## WHAT THE TASK ASKS
Every record here must be copied exactly, except for the images it holds.

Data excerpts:
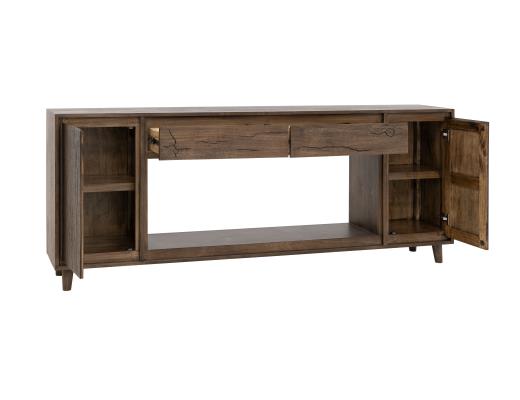 Savia, 85" TV Stand with Firep - view 5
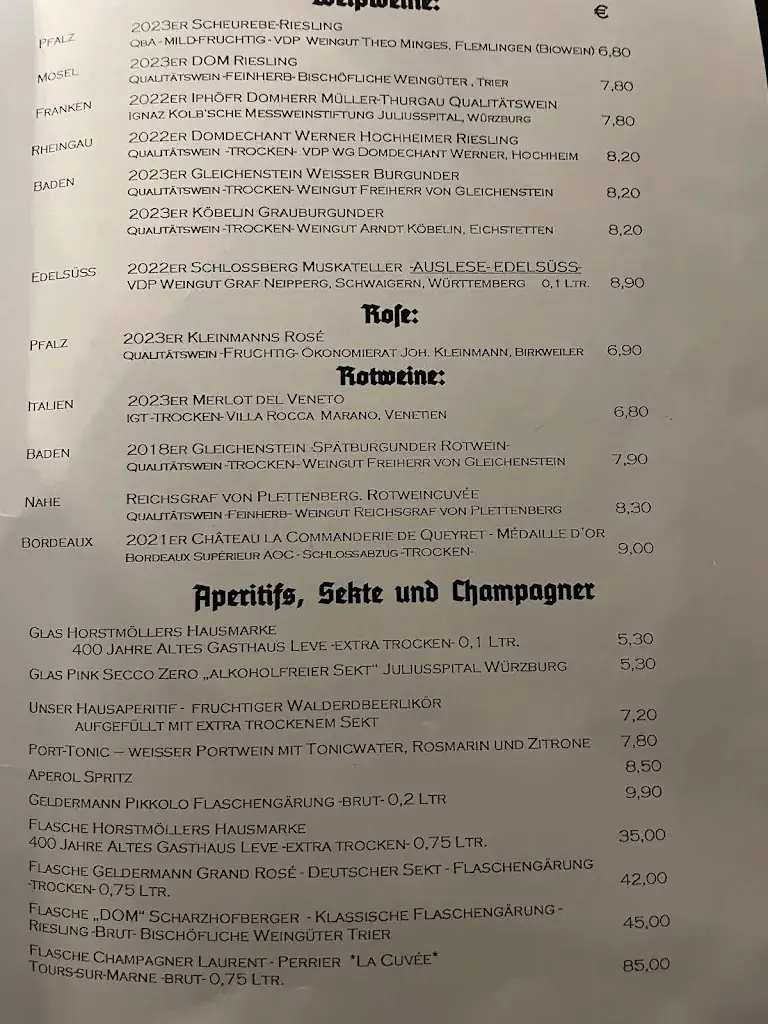 Menu_Altes Gasthaus Leve_Münster_image_2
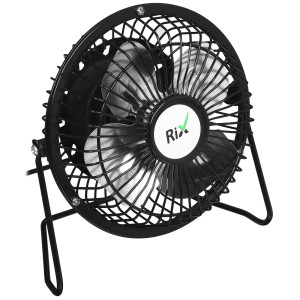 9089779 Вентилятор Rix RDF-1501USB  черный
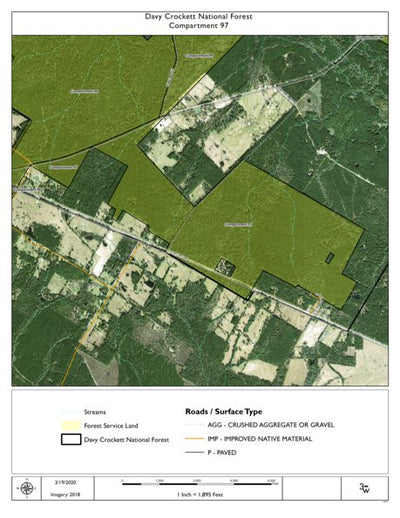 Individal Compartment Map of the Davy Crockett National Forest v117 Preview 1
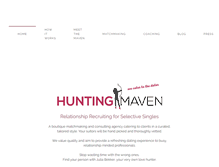 Tablet Screenshot of huntingmaven.com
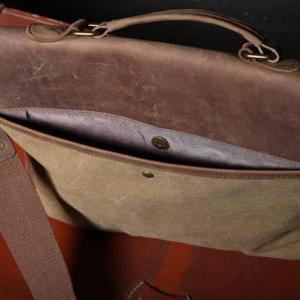 Handmade Leather Canvas Backpacks C..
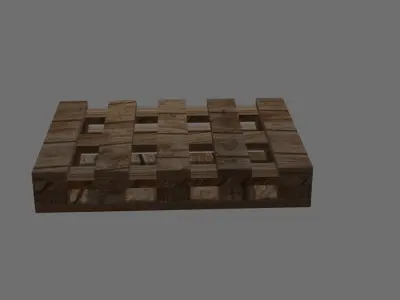 Wooden Pallet Low-poly 3D model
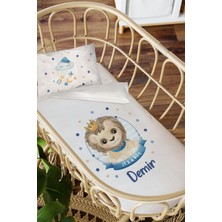 Homamia Isme Özel Anne Yanı 60X100 Beşik Uyku Nevresim Takımı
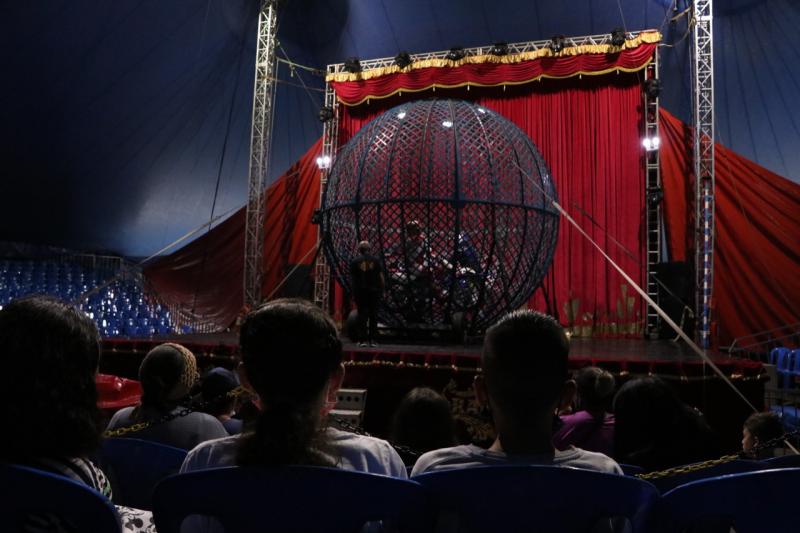 Pré-feriado animado: Fundação Somar leva crianças em circo
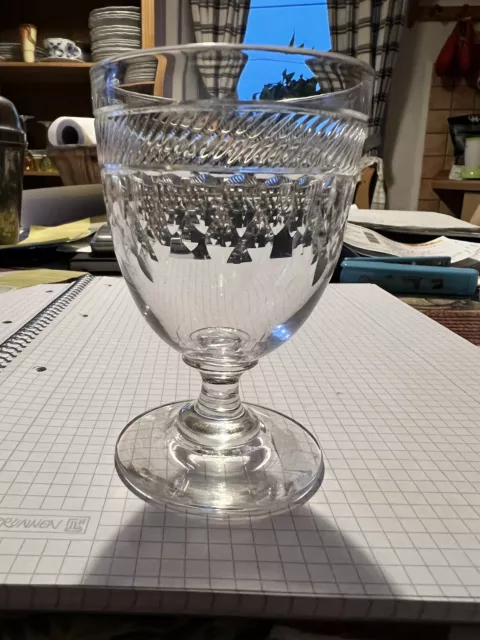 Antikes Biedermeier Weinglas  Antikglas  Facettiert Südweinglas Handgeschliffen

## ANSWER TO THE EXERCISE
 Savia, 85" TV Stand with Firep - view 5
 Menu_Altes Gasthaus Leve_Münster_image_2
 9089779 Вентилятор Rix RDF-1501USB  черный
 Individal Compartment Map of the Davy Crockett National Forest v117 Preview 1
 Tablet Screenshot of huntingmaven.com
 Handmade Leather Canvas Backpacks C..
 Wooden Pallet Low-poly 3D model
 Homamia Isme Özel Anne Yanı 60X100 Beşik Uyku Nevresim Takımı
 Pré-feriado animado: Fundação Somar leva crianças em circo
 Antikes Biedermeier Weinglas  Antikglas  Facettiert Südweinglas Handgeschliffen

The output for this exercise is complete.